Data Storage Mechanism #

After discussing Mc’s Hash Table positioning, LRU eviction, and slab memory allocation, let’s look at how Mc stores key/value data. By analyzing the data storage and maintenance process, we can relate and connect Mc’s core modules.

First, let’s see how Mc writes the data into pre-allocated storage space using the slab mechanism.

As shown in the following diagram, when key/value data needs to be stored, the required number of bytes for storing this key/value is calculated based on the key/value size and the size of the Item structure. Then, the slabclass with the smallest chunk size that can accommodate this number of bytes is selected. An available chunk from the freelist of this slabclass is allocated for this key/value. If the freelist is empty, it attempts to allocate a new slab for the slabclass. If the slab allocation is successful, slabs are split into chunks according to the size and then initialized with the Item structure. These Items are then filled into the freelist. If the slab allocation fails, the invalid Item is evicted through LRU eviction or forcibly evicts a normal Item. These evicted Items are also filled into the freelist. The process is retried 10 times until the Item position is allocated. In general, Item allocation will succeed, but there is a very low probability of failure. If the allocation fails, a SERVER_ERROR response is returned, notifying the client that the storage has failed. After allocating an available Item, the expiration time, flag, slabclass ID, key, and value are written into this Item. For the set command, if there is an old value for this key, it is deleted before storing the new value.

img

After successfully allocating an Item for key/value and writing the data, the next step is to store this Item in the Hash Table. Since the Mc Hash Table can be migrated, for normal cases, the Item is directly stored in the main Hash Table. During Hash Table migration, depending on the migration position, the Item is stored in either the main Hash Table or the old Hash Table. After storing the Item in the Hash Table, the key can be quickly located. This Item is also stored in the LRU. Mc determines whether to store it in the TEMP LRU or HOT LRU based on the expiration time of this key.

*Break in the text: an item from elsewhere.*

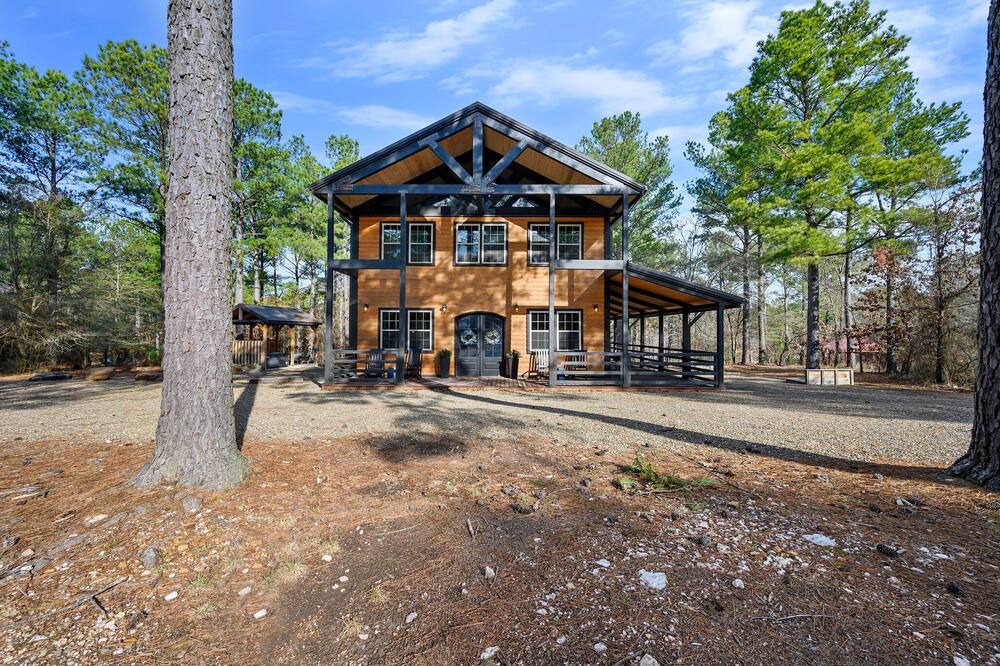 Hochatown Cabin | Cabin w/HotTub, Grill; Pets OK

At this point, the key/value is correctly stored in Mc. The data content is written into a chunk position in the slabclass. This chunk is filled with the Item structure, which is simultaneously recorded in the Hashtable and LRU, as shown in the following diagram. The Hashtable allows fast key lookup, while the LRU is used for the daily maintenance of the Item lifecycle.

img

Mc’s daily maintenance of the Item lifecycle includes asynchronous maintenance and synchronous maintenance. Asynchronous maintenance is performed by the LRU maintenance thread and does not affect normal client requests. In the LRU maintenance thread, expired or invalid keys are reclaimed, and the four LRUs are internally rearranged and migrated. This is the main form of Item lifecycle management. Synchronous maintenance is performed by worker threads while processing command requests. When processing a delete command, the key/value is deleted directly. When storing a new key/value, if the allocation fails, invalid keys are reclaimed or normal Items are forcibly evicted. These evicted Items enter the freelist of the slabclass for reuse.